Stories

Catching the Octopus


With an orator who made a lure shaped like a rat
Gene Carl Feldman
Gene Carl Feldman

Western Samoa 1974 – 1977

Sulu was a matai, an orator chief on the tiny island of Manono and the head of the family that I lived with during my Peace Corps training in this South Pacific country. It also wasn’t long before I learned that Sulu Fa’afuata was perhaps the best octopus fisherman on the island. 

Situated between the two large islands of Samoa, Upolu and Savai’i, Manono is about a mile in diameter with a single sandy path encircling the island. At the time that I was there, there was no electricity and all drinking water had to be collected daily from the large concrete cistern at the nearby church and carried in buckets back to everyone’s home. You could circumnavigate Manono in about an hour, assuming, of course, you politely refused the countless invitations that you would receive to come in and eat from each and every house that you passed along the way. 

As a 21-year-old kid from New York City, life on the island of Manono was far from anything that I had ever experienced. Before Samoa, all the food that I ate would generally be purchased from a supermarket and completely isolated from its source. 

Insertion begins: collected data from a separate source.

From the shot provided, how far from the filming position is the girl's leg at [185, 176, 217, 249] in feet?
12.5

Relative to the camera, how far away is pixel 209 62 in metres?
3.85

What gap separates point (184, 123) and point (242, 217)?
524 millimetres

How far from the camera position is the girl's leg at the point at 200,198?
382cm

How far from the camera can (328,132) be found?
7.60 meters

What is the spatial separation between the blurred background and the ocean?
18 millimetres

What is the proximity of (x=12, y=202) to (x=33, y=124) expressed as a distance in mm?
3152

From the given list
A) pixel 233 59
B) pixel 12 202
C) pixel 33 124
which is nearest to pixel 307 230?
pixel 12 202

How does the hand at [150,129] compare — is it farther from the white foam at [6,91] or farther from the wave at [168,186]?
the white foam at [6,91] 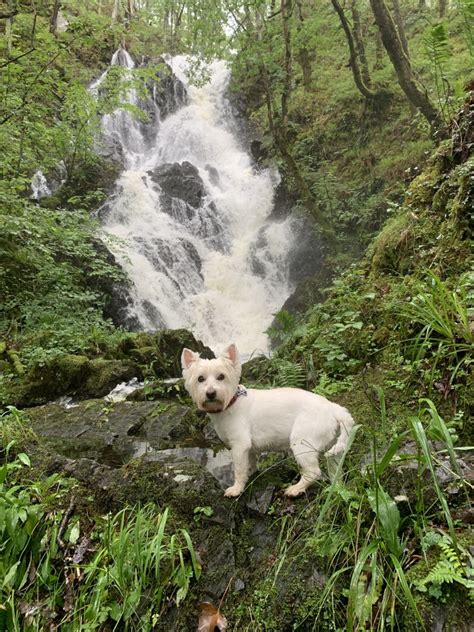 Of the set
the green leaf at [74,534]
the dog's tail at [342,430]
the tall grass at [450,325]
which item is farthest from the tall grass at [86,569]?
the tall grass at [450,325]

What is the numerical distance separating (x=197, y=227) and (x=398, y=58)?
8919 mm

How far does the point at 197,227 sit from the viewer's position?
52.9 feet

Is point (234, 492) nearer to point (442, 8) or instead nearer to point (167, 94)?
point (442, 8)

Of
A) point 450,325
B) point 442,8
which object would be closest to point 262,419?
point 450,325

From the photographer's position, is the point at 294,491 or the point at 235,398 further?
the point at 235,398

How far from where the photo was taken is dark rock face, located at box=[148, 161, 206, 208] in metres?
17.0

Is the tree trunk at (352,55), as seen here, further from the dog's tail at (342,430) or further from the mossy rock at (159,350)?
the dog's tail at (342,430)

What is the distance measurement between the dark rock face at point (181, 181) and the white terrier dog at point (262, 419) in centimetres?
1497

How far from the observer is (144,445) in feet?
15.2

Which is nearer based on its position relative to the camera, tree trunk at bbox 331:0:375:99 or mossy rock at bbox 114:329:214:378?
mossy rock at bbox 114:329:214:378

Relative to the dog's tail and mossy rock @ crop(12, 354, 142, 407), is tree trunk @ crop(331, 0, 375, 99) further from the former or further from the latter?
the dog's tail

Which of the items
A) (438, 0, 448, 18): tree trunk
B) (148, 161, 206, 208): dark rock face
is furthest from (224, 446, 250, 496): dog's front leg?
(438, 0, 448, 18): tree trunk

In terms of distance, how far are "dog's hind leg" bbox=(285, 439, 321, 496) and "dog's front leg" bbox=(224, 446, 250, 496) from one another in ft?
1.06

That was certainly not the case in Samoa and especially on Manono where most of the food we ate was either grown or raised on the island or caught in the lagoon. Whenever on one of my walks I accepted one of those spontaneous invitations to come into someone’s home, the head of the house called for one of the children to run out and catch and dispatch one of the chickens that were always running around the yard, I was obliged to spend the next few hours drinking kava, explaining why I was not yet married, and describing life in America while we waited for the meal to be prepared. 

The revenge of the octopus 

The best meal, however, was the traditional Samoan dish of fai’ai fe’e, or octopus, cooked in a stone oven and served in a coconut cream. Over the three and one half years that I was in Samoa, fai’ai fe’e was without doubt my favorite dish. With Sulu’s skill in catching it, octopus was something that I could always look forward to each time I took the small boat ride out to Manono to visit. 

An excellent fisherman, Sulu was also skilled in the traditional art of crafting the lure that is used throughout many Pacific Island nations to catch octopus. The lure is shaped to look like a rat following an ancient Polynesian legend about a helpful octopus who offered to save a rat from drowning by allowing the rat to sit on his head as the octopus swam him to shore. Once the rat was safe on shore he rewarded the octopus for his kindness by defecating on the octopus’ head before jumping onto the beach. To this day the octopus seeks revenge against the rat for its betrayal: the lure, ma’a ta’i fe’e, or stone to catch an octopus, takes the shape of a rat. 

On my first visit to Manono, I watched Sulu twist an ancient hand drill to bore holes in pieces of cowrie shells that he affixed to a cone-shaped stone with either sennit twine or a more modern fishing line. He then fashioned a tail and whiskers to create a perfect facsimile of the octopus’ arch nemesis, the rat. 

Sulu would then paddle out into the lagoon in his paopao, a small hand-carved outrigger canoe. At the appropriate location that he seemed to always know, he lowered the lure into the water, bounced it up and down above the bottom of the lagoon, sometimes tapping the lure on a coral head to make it sound like the squeaks of a rat. The octopus, remembering its log-harbored grudge against the rat, would rush out to the lure and grab hold of it with its tentacles. Sulu would then raise the lure—with the octopus holding on to the lure with such a vengeance—then lift his catch out of the water and, as is tradition, bite the octopus between the eyes to kill it. 

As my time in Samoa came to an end and on my last visit to Manono, Sulu presented me with one of his well-used octopus lures to remember him and my Samoan family. 

I recently discovered an important documentary film of this ancient Samoan tradition that shows the current fishing practice and an interview of High Chief Taumau Aloese. The film produced by James Gurr for the Samoan Studies Institute. 

For the next 50 years, as I caught sight of my lure hanging in a place of honor on the wall above my desk in my office or more recently at home, I would think back so fondly on a time, a place and a fisherman who meant so very much to me. 

Gene Feldman’s service in American Samoa led to his career as an oceanographer with NASA’s Goddard Space Center.